# Simple function to count possible substrings of length C in a parent string of length P even if P < C?

My question is the same as this but with a catch: How many substrings of length m can be formed from a string of length n?

To find the number of possible substrings of length C in a parent string of length P I can use this formula:

$$P - C + 1$$

For example, for a parent string of length $5$ and a substring of length $3$, there are $5 - 3 + 1 = 3$ different positions the substring can take in its parent.

The catch:
The problem is, if we ask this formula how many substrings of length 3 fit in a parent string of length 1, we get $1 - 3 + 1 = -1$, instead of the expected $0$.

Is there a simple function that will give $0$ when $P < C$ without using an if statement?

So, you want $\max(P-C+1,0)$? In general $$\max(x,y)=\frac{x+y+|x-y|}2.$$ Therefore $$\max(P-C+1,0)=\frac{P-C+1+|P-C+1|}2.$$

But really, there is nothing wrong with case-by-case definitions!

You can, but it will generally involve cheating by using a function that has some kind of implicit "if" in it.
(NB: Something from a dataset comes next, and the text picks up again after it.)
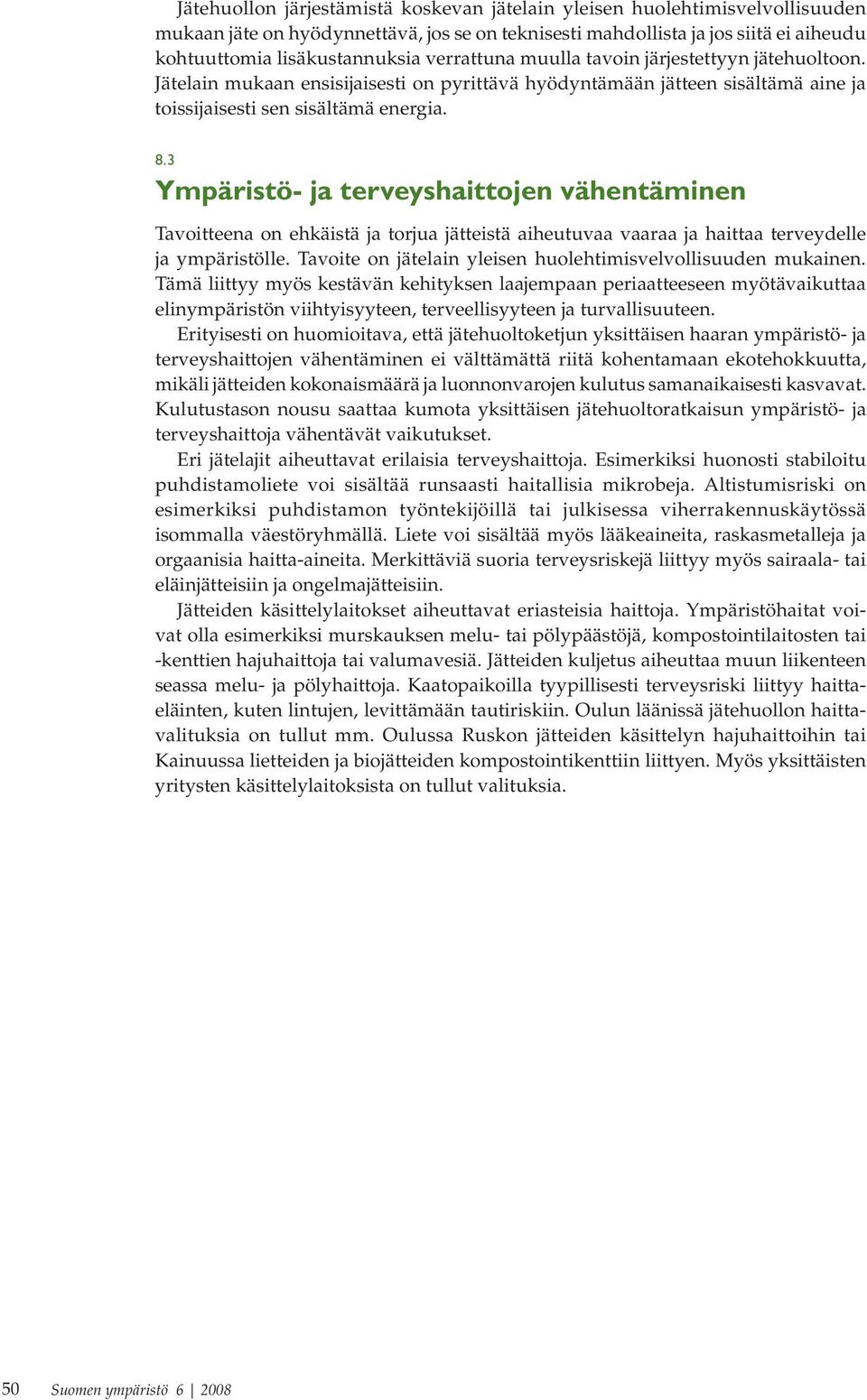 3 Ympäristö- ja terveyshaittojen vähentäminen Tavoitteena on ehkäistä ja torjua jätteistä aiheutuvaa vaaraa ja haittaa terveydelle ja ympäristölle.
For example, we could use the Heaviside step function which is defined as:

$$H(x) = \begin{cases} 1 & \mbox{if } x \gt 0 \\ \frac{1}{2} & \mbox{if } x = 0 \\ 0 & \mbox{if } x \lt 0\end{cases}$$

So you just multiply your value $S$ by $H(S)$, so that for negative values it becomes 0.

You can do the same thing with absolute values by noting that

$$x + \left|x\right| = \begin{cases} 2x & \mbox{if } x \geq 0 \\ 0 & \mbox{if } x \lt 0\end{cases}$$

So you just take your expression, add its absolute value, and divide by two, giving $\frac{1}{2}\left(P - C + 1 + \left|P - C + 1\right|\right)$.